In 2009, when the financial crisis stranded millions of dollars of unwanted inventory in jewelry showcases across the United States, the ability to design made-to-order pieces gave jewelers with CAD capabilities a leg up on the competition. Instead of committing their cash to costly merchandise — made even costlier by the rising price of gold — many retailers began to display prototypes made of inexpensive base metals that could be customized using CAD, and manufactured in precious materials by vendors offering CAM services.
“The jeweler doesn’t have to pay for the jewelry and the manufacturer doesn’t have to make the jewelry unless they have an order,” said Peggy Jo Donahue, director of public affairs for Manufacturing Jewelers and Suppliers of America. “You don’t want to guess what people want. Now you don’t have to.”
Thousands of retailers in the United States are familiar with the benefits thanks to CounterSketch Studio, a program that allows jewelers with a rudimentary understanding of CAD to customize basic designs.
“They start with a predefined style very easily altered on the fly, and they perfect that style to exactly what the customer wants with respect to shape, size and price point,” said Matt Stuller, founder of Stuller Inc., in Lafayette, Louisiana, which manufactures designs created by CounterSketch Studio users.
While Stuller has been at the forefront of the just-in-time personalized manufacturing movement, scores of companies have followed suit.
“Increasingly, all jewelry makers who sell at wholesale will need to develop a system that allows them to adapt existing designs to accommodate young people who want to customize their jewelry,” Ms.
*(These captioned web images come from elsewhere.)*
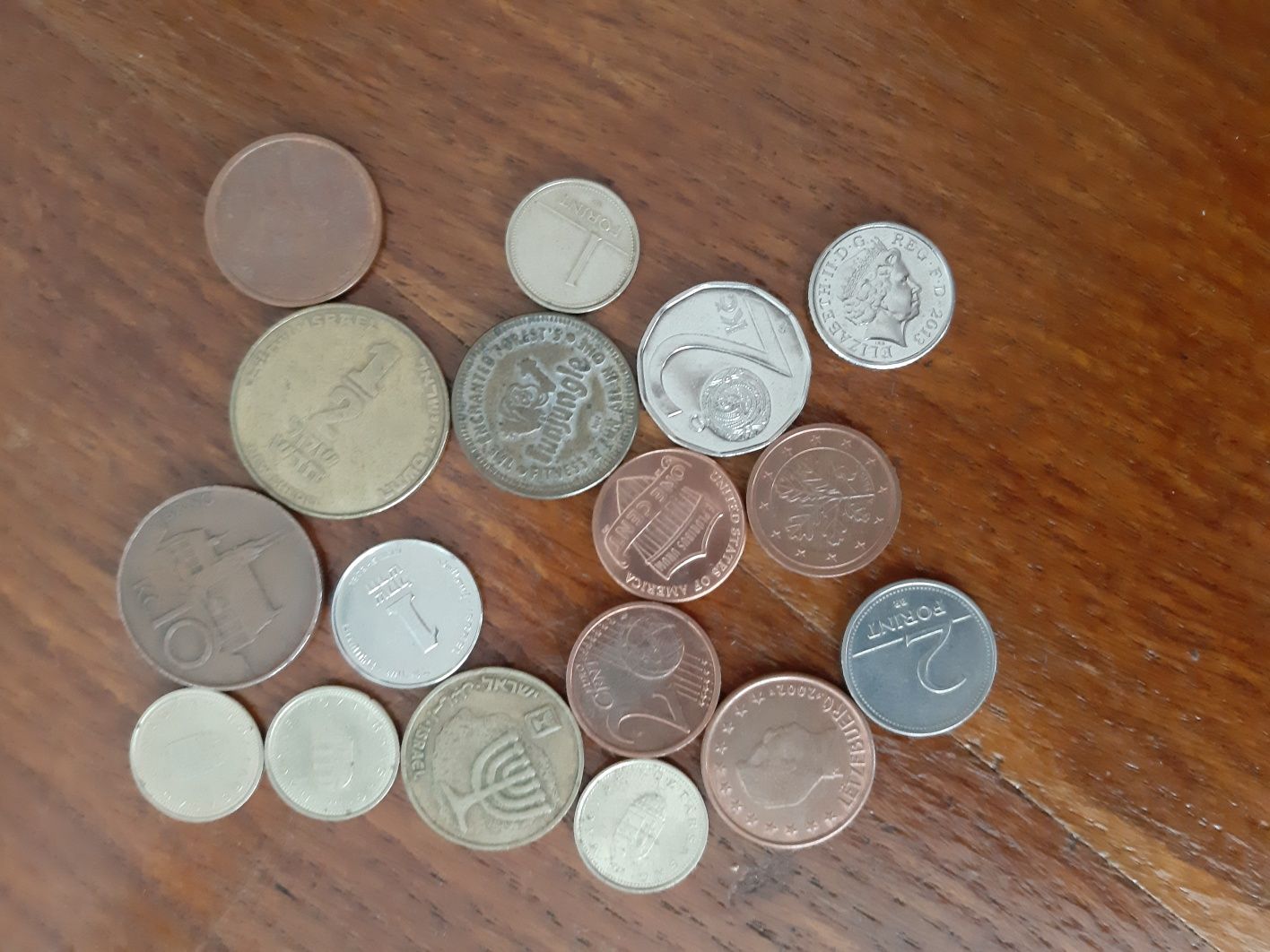 Продам монеты разные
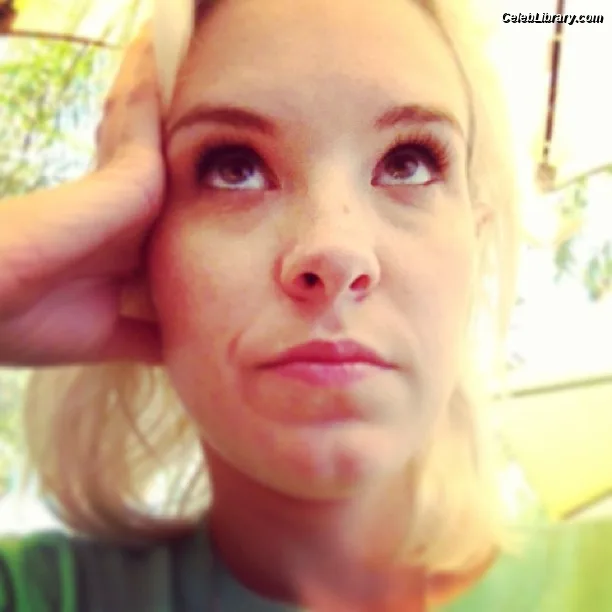 Brea Grant photo 17 of 103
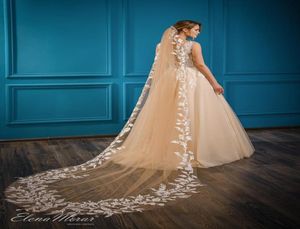 Veli da sposa champagne con applicazioni bianche da cattedrale Lunghezza applique in pizzo da sposa con pettine Immagini reali Velo da sposa2685820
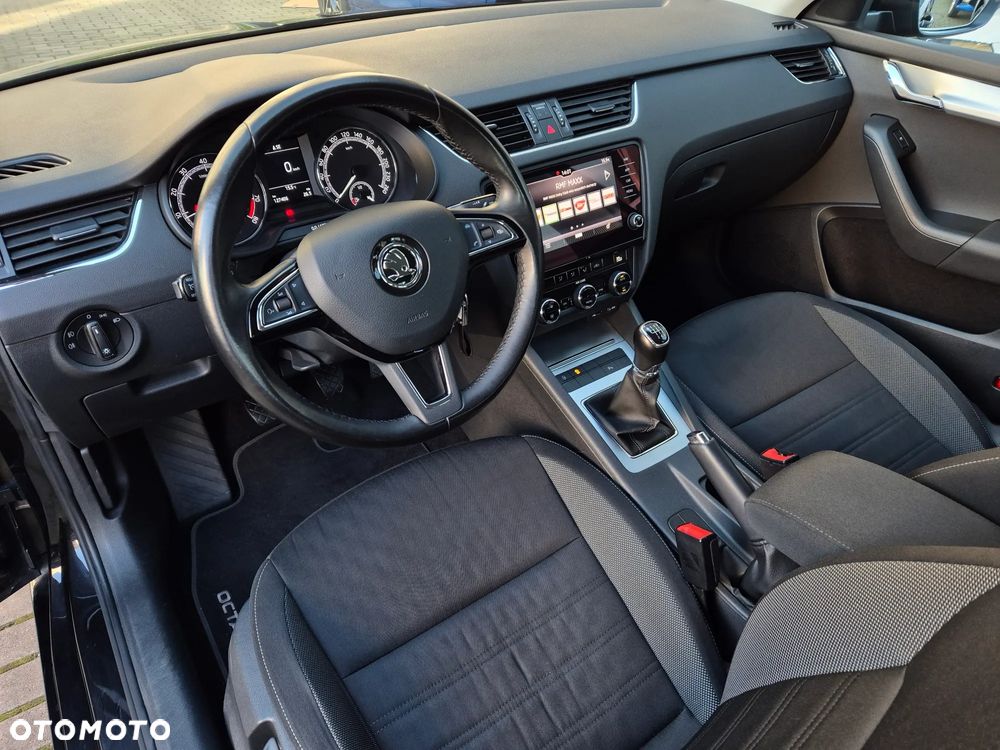 Skoda Octavia 1.4 TSI Ambition - 8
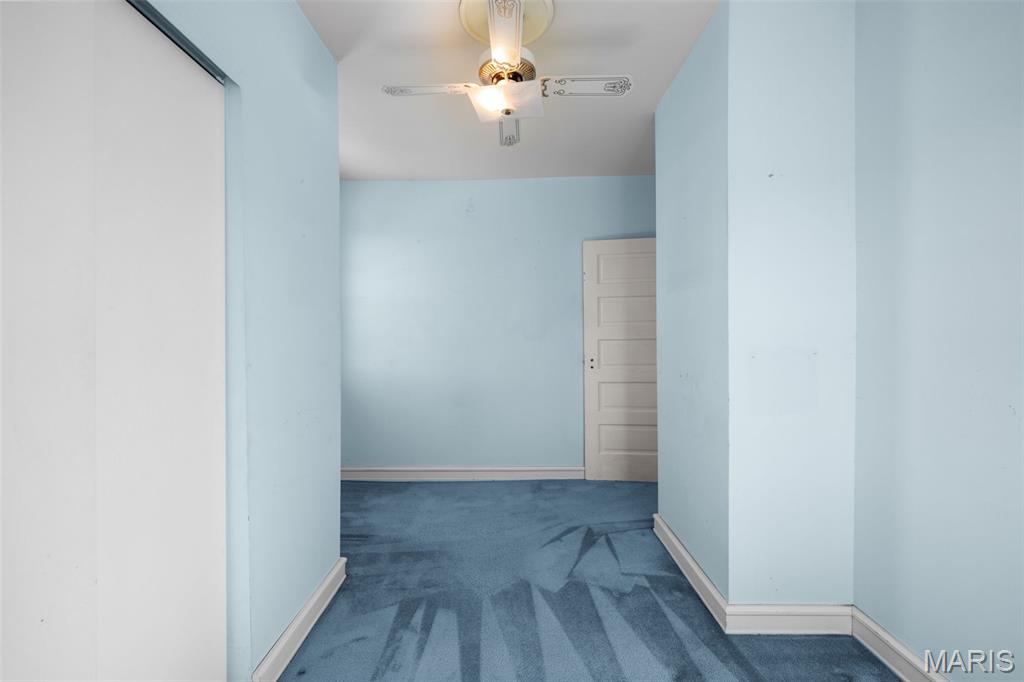 E Sunset Hill - Residential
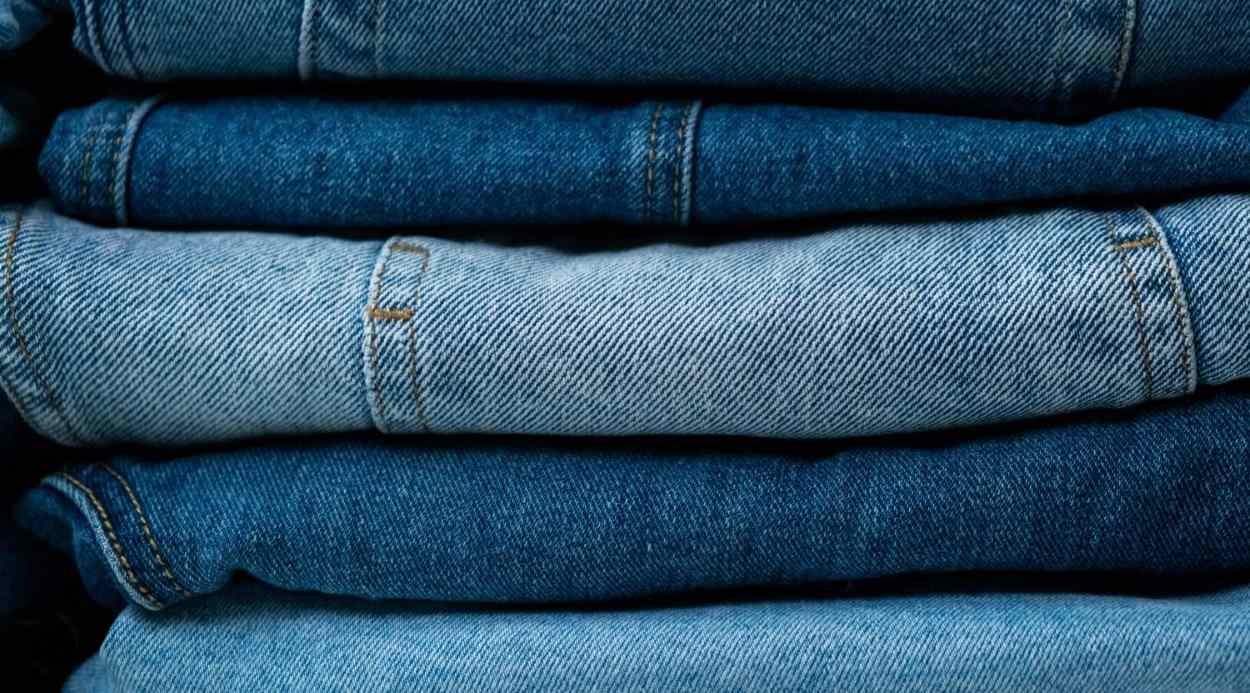 Foz do Iguaçu recebe outlet de jeans com até 70% de desconto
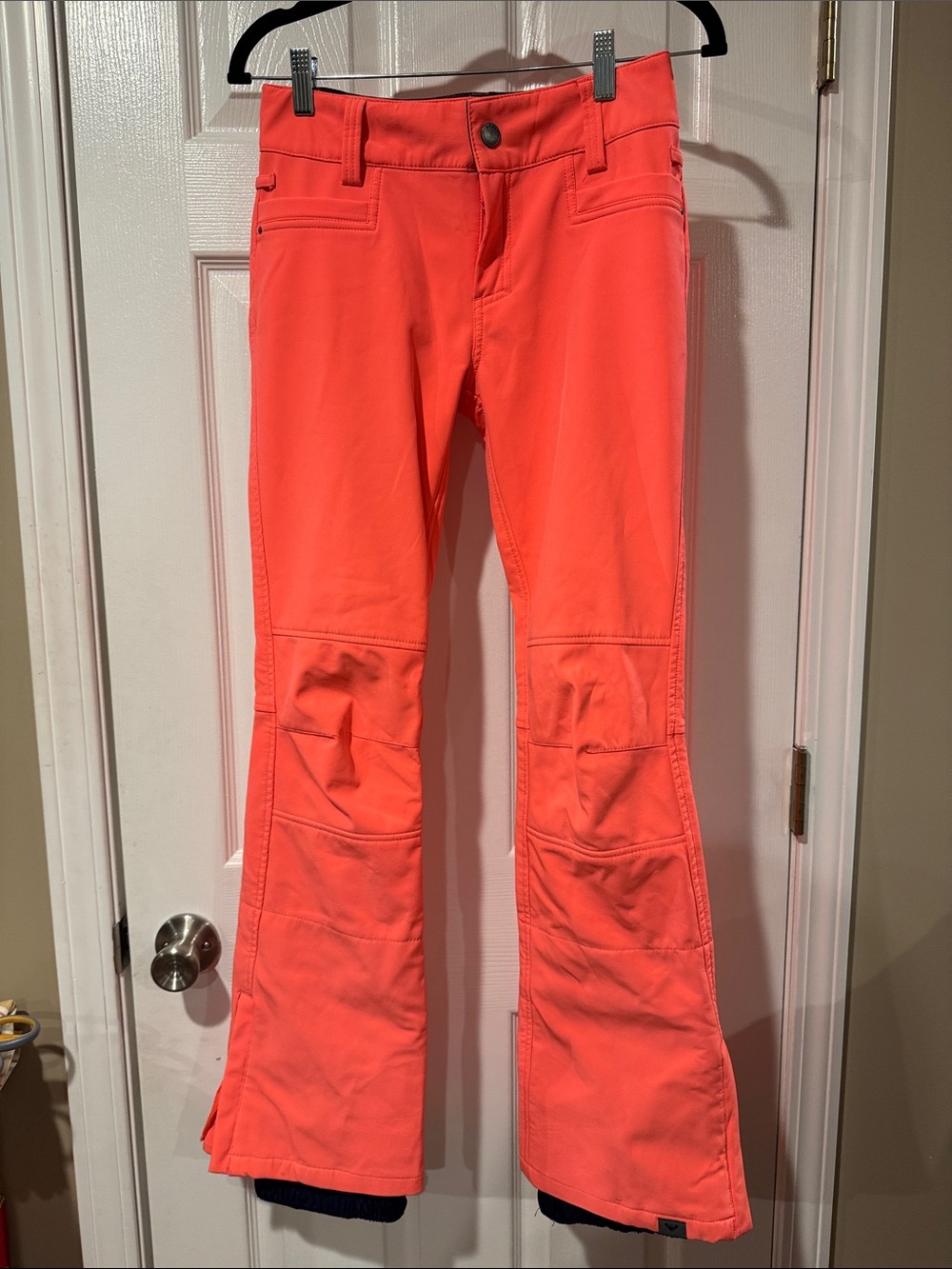 EUC $220 Roxy Coral Bootcut Snow Pants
Donahue said. “But it requires the ability to re-tool their factory. You go from making 1,000 of one thing to making 1,000 things one time each.”
Brash young design firms, like Nervous System in Somerville, Massachusetts, or Kraftwürx in Houston, are already harnessing the power of 3-D printing to offer mass customization online. On their sites, customers can create their own 3-D printed jewelry in materials like black nylon, acrylic and sterling silver.
Most high-end jewelers, however, still shy away from discussing their technical know-how, preferring to talk of old-world craftsmanship.
“Look at JAR,” said Rahul Kadakia, director of the jewelry department for North and South America at Christie’s, referring to Joel Arthur Rosenthal, considered by many to be the finest living jeweler. “It’s all still done by hand because there is a prestige and romance and an enigma knowing that someone spent one month, two months, six months working on this piece — and that’s the way it’s been forever.”
Executives at Dior, for example, say technology comes into play only when “the hand of man might fail.” As an example, they cited some of the gold lace work in the house’s new Dear Dior collection, calling it “so fine that we have been obliged to resort to using an extremely precise laser in certain cases.”
For Mr. Bell, of Rio Grande, however, technology and artistry need not be mutually exclusive. Despite their commitment to old-world techniques, the makers of today’s priciest jewels are also high-tech believers, he said.
At the annual Baselworld watch and jewelry fair in Switzerland, “go to the equipment section and look to see who’s there,” Mr. Bell said. “They’re there. They’re keeping up — they’d be crazy not to.”